By: Alexandra Li
Founded twenty years ago, German progressive metal band The Ocean has experimented with a variety of album concepts, from astronomy to existentialism. In 2018, The Ocean debuted the first installment of Phanerozoic, Palaeozoic, taking listeners on a journey beginning with the Cambrian explosion and which left off at the pre-Triassic mass-extinction. Palaeozoic set a high bar for its latter counterpart, the newly premiered Phanerozoic II: Mesozoic | Cenozoic, which is set to cover the rest of history up to today.
“Triassic,” the first track on the album, feels barren, very much like the emptiness of a world after a mass extinction. What was most impressive about “Triassic,” and many of The Ocean’s works, is the transitions from tranquil to heavy. While many bands struggle to find smooth transitions between sounds, The Ocean manages to do so effortlessly and very artistically. In particular, the first transition was very beautifully done– the bass accompanied by the drums in the beginning of the song created a very natural transition into the vocals.
This album has many interesting and prominent bass lines to offer, and “Jurassic | Cretaceous” is no exception. While other bands may struggle to incorporate the bass without guitars, The Ocean, this track in particular, manages to harness the best qualities of basses and incorporate it in a way where the bass line becomes a central feature of their music. The addition of brass to the heavy drums and bass was particularly memorable, adding a unique drama and grandiosity to the song. While definitely not a short track by conventional standards, “Jurassic | Cretaceous” did not bore. It did the opposite and proved to be an excellent and vibrant track.
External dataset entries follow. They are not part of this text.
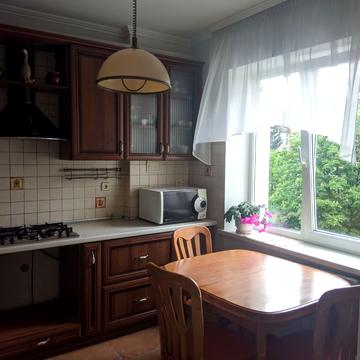 Юлії Здановської вул. (Ломоносова), 31/1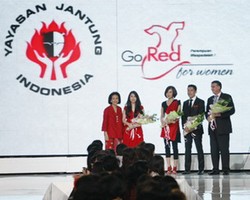 Busana Ari Seputra Untuk Wanita Indonesia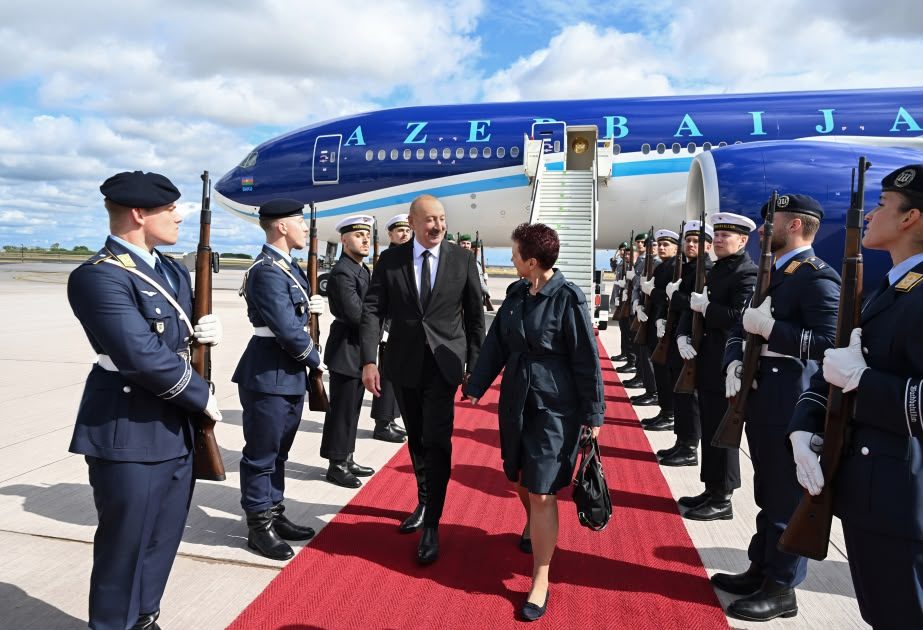 Prezident İlham Əliyev Almaniyada rəsmi səfərdədir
“Palaeocene” wasted zero time before diving into heavy guitar riffs and screaming vocals. I felt that they wanted to create an evil atmosphere, but in some ways “Palaeocene” felt a little lackluster. While it managed to capture the artistry that many artists who focus on heavier music fail to create, “Palaeocene” would have been an even richer track if it was even heavier. “Eocene” contrasts starkly with the “Palaeocene”, offering a much calmer and relaxed sound. It had many unique textures to the track, all layering to create a strange, grimly tranquil sound.
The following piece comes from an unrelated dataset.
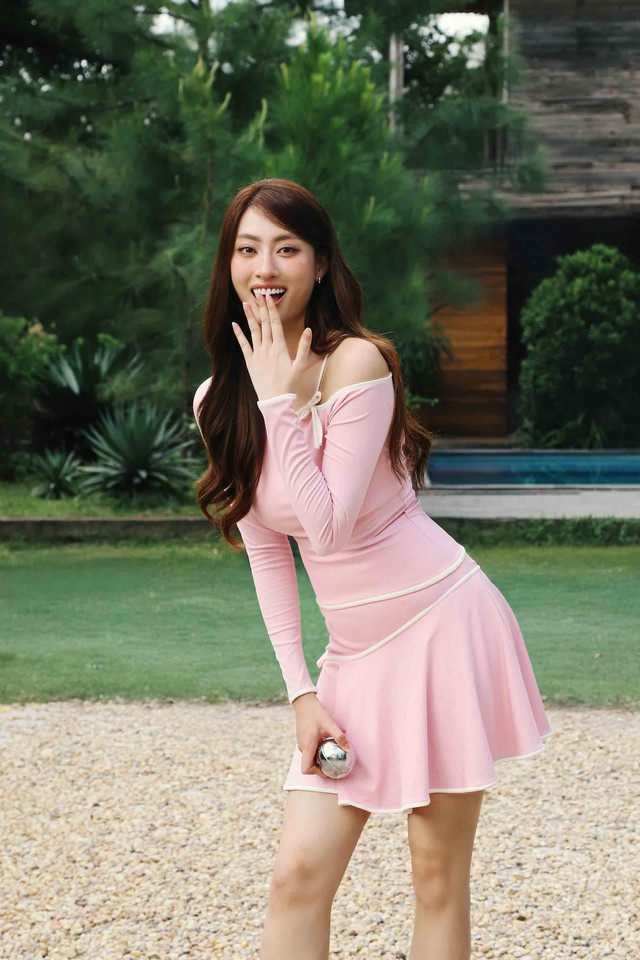 Hoa hậu và thương hiệu thời trang riêng- Ảnh 3.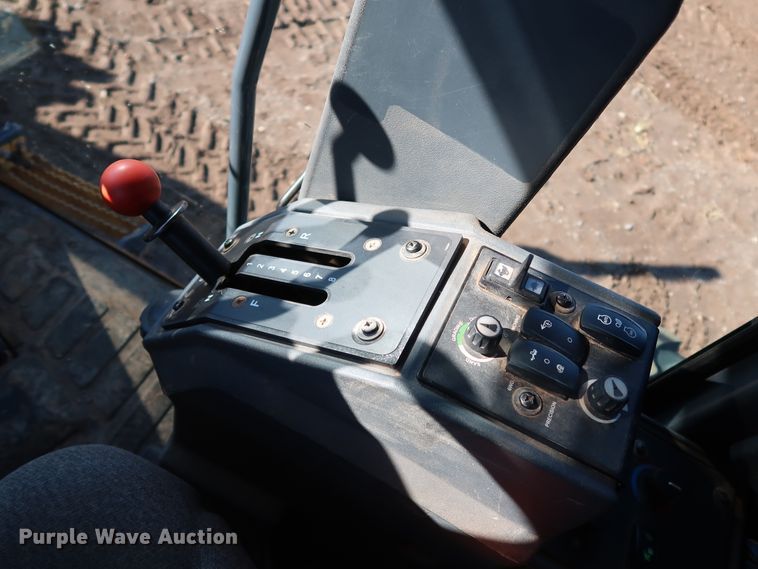 image for item DJ2420 2016 John Deere 672G  motor grader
“Oligocene” is an all-instrumentals track, and its purpose was to transition from the heavier Mesozoic part of the album to the Cenozoic album. While it is shorter in length and without vocals, “Oligocene” was an extremely valuable addition to the diversity of Phanerozoic II: Mesozoic | Cenozoic. While the sound itself was not heavy, “Oligocene” felt ominous, dark, and anticipatory and smoothly glided into “Miocene | Pliocene.”
“Miocene | Pliocene” took a slower, almost cautious pace and felt as if it could burst into a heavy explosion at any second. However, the song took a much more melodic and much less heavy turn than the beginning of the song suggested. “Miocene | Pliocene” had some of the catchiest melodies on the album and while the song did take an unusual turn, “Miocene | Pliocene” did not feel lacking in any way.
“Pleistocene” offers metal vocal fries and blast beats but also soft and delicate syncopation, and the transitions in between are so seamless they may as well be invisible. And lastly, the album ends with “Holocene,” our current era, and puts particular emphasis on the cruelties of humanity. Lyrically, it may be the strongest on the album and circles back to the beginning mantras in “Triassic.”